◆ **Required work**
I need the lines from the one holding "第89章：【第二季】陪伴在左右3" to the last line of the data below repeated exactly, both included, without pictures.

--- Records supplied ---

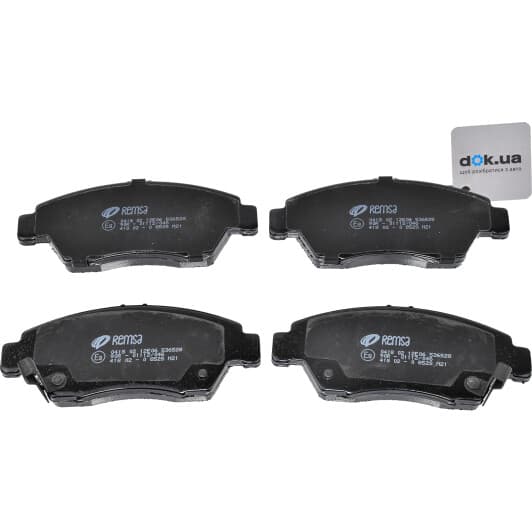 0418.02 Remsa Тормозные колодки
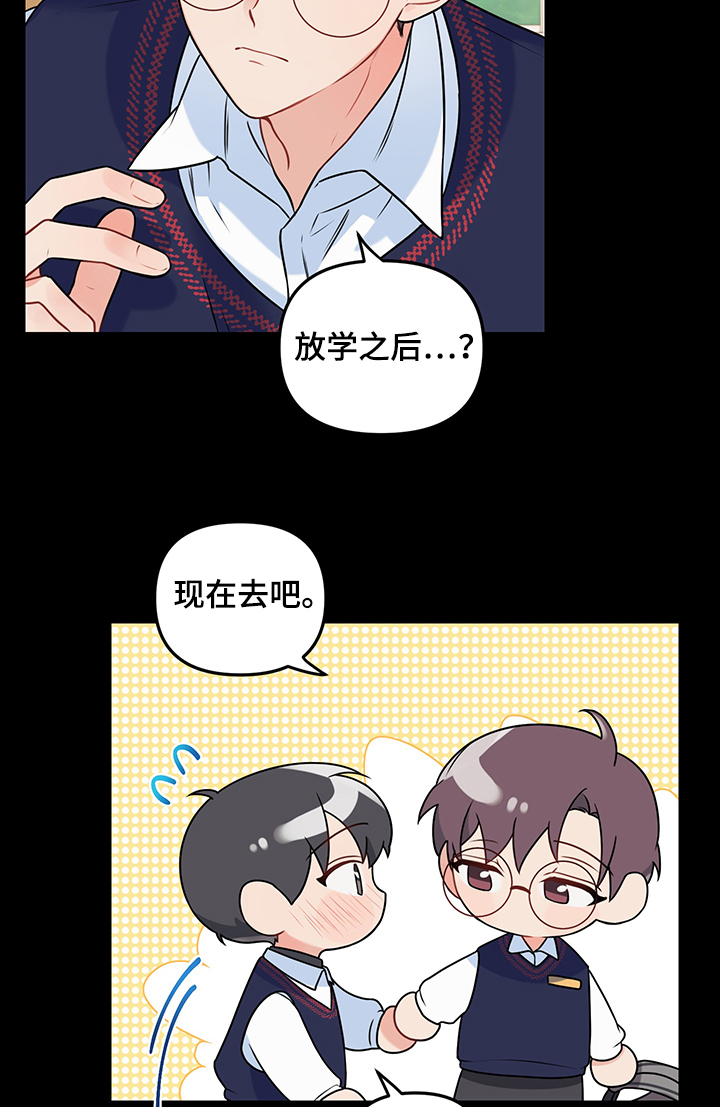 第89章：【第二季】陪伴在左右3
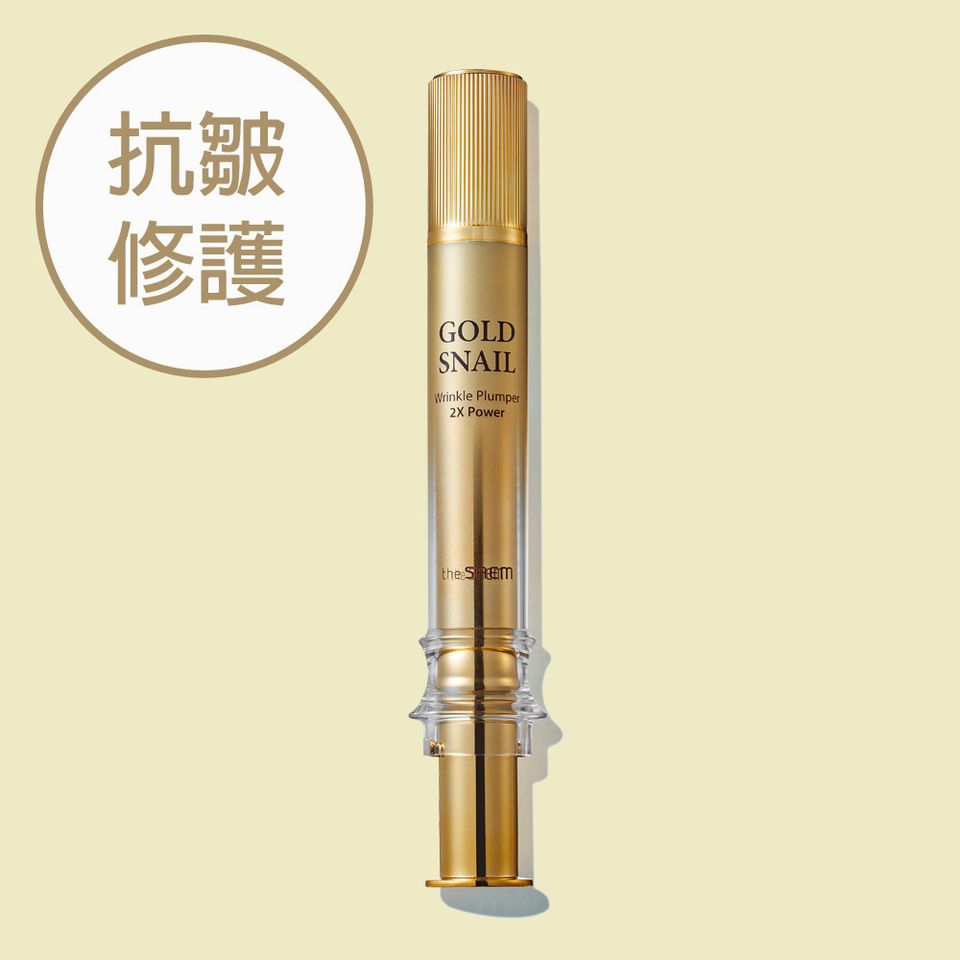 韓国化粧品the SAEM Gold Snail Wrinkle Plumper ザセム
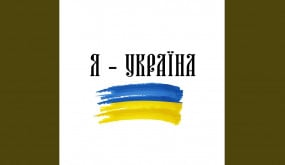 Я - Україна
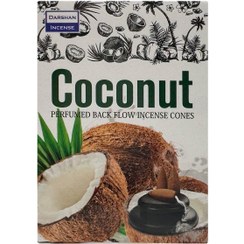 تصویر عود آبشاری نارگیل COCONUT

---

◆ **Response to this task**
 第89章：【第二季】陪伴在左右3
 韓国化粧品the SAEM Gold Snail Wrinkle Plumper ザセム
 Я - Україна
 تصویر عود آبشاری نارگیل COCONUT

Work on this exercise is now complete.